First-principles density functional theory (DFT) with plane wave (PW) basis set is the most widely used method in quantum mechanical material simulations due to its advantages in accuracy and universality. However, a perceived drawback of PW-based DFT calculations is their substantial computational cost and memory usage, which currently limits their ability to simulate large-scale complex systems containing thousands of atoms. This situation is exacerbated in the new Sunway supercomputer, where each process is limited to a mere 16 GB of memory. Herein, we present a novel parallel implementation of plane wave density functional theory on the new Sunway supercomputer (PWDFT-SW). PWDFT-SW fully extracts the benefits of Sunway supercomputer by extensively refactoring and calibrating our algorithms to align with the system characteristics of the Sunway system. Through extensive numerical experiments, we demonstrate that our methods can substantially decrease both computational costs and memory usage.
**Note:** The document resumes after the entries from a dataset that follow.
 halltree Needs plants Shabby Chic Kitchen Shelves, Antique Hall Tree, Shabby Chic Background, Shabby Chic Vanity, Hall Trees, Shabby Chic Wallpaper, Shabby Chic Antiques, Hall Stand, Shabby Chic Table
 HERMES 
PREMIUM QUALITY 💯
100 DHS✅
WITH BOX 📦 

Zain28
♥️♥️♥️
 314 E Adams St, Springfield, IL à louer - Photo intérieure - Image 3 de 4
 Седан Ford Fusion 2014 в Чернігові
Our optimizations translate to a speedup of 64.8x for a physical system containing 4,096 silicon atoms, enabling us to push the limit of PW-based DFT calculations to large-scale systems containing 16,384 carbon atoms.
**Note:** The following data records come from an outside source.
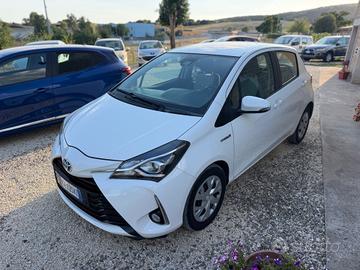Toyota Yaris 1.5 Hybrid Full optional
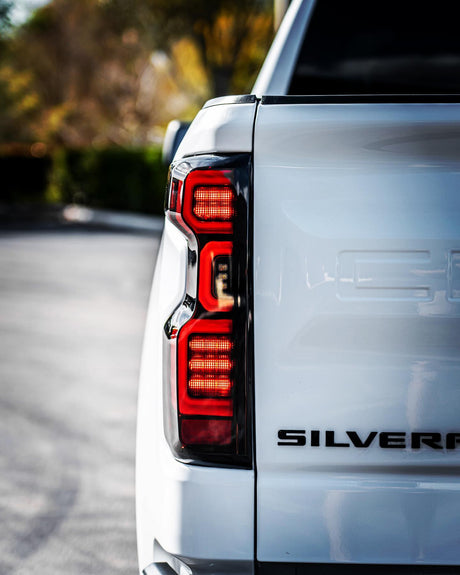 Chevrolet Silverado (19-23): Recon Led Tails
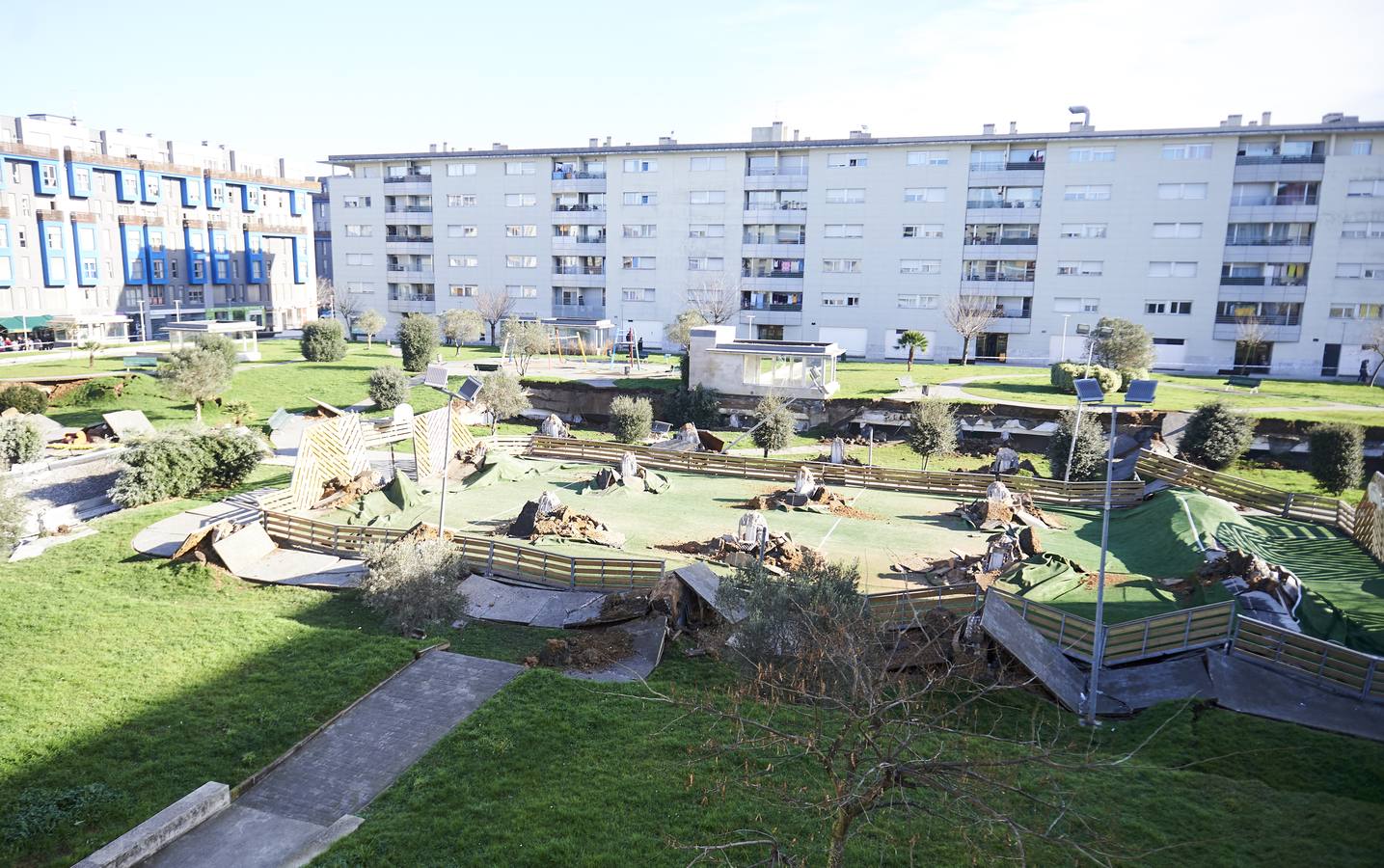 Fotos: Un parque infantil y deportvo se hunde sobre un &#039;parking&#039; en Santander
翻译：基于平面波基组的密度泛函理论第一性原理计算，因其在精度与普适性方面的优势，已成为量子力学材料模拟中应用最广泛的方法。然而，平面波DFT计算通常被认为具有较高的计算成本和内存开销，这限制了其模拟包含数千个原子的大规模复杂体系的能力。在新一代神威超级计算机上，由于每个进程仅限16 GB内存，这一问题尤为突出。本文提出了一种在新一代神威超级计算机上实现的并行平面波密度泛函理论方法（PWDFT-SW）。PWDFT-SW通过全面重构和校准算法以适应神威系统的架构特性，充分发挥了该超级计算机的优势。大量数值实验表明，我们的方法能显著降低计算成本与内存使用量。针对包含4,096个硅原子的物理体系，我们的优化实现了64.8倍的加速，从而将平面波DFT计算的能力边界推进至包含16,384个碳原子的大规模体系。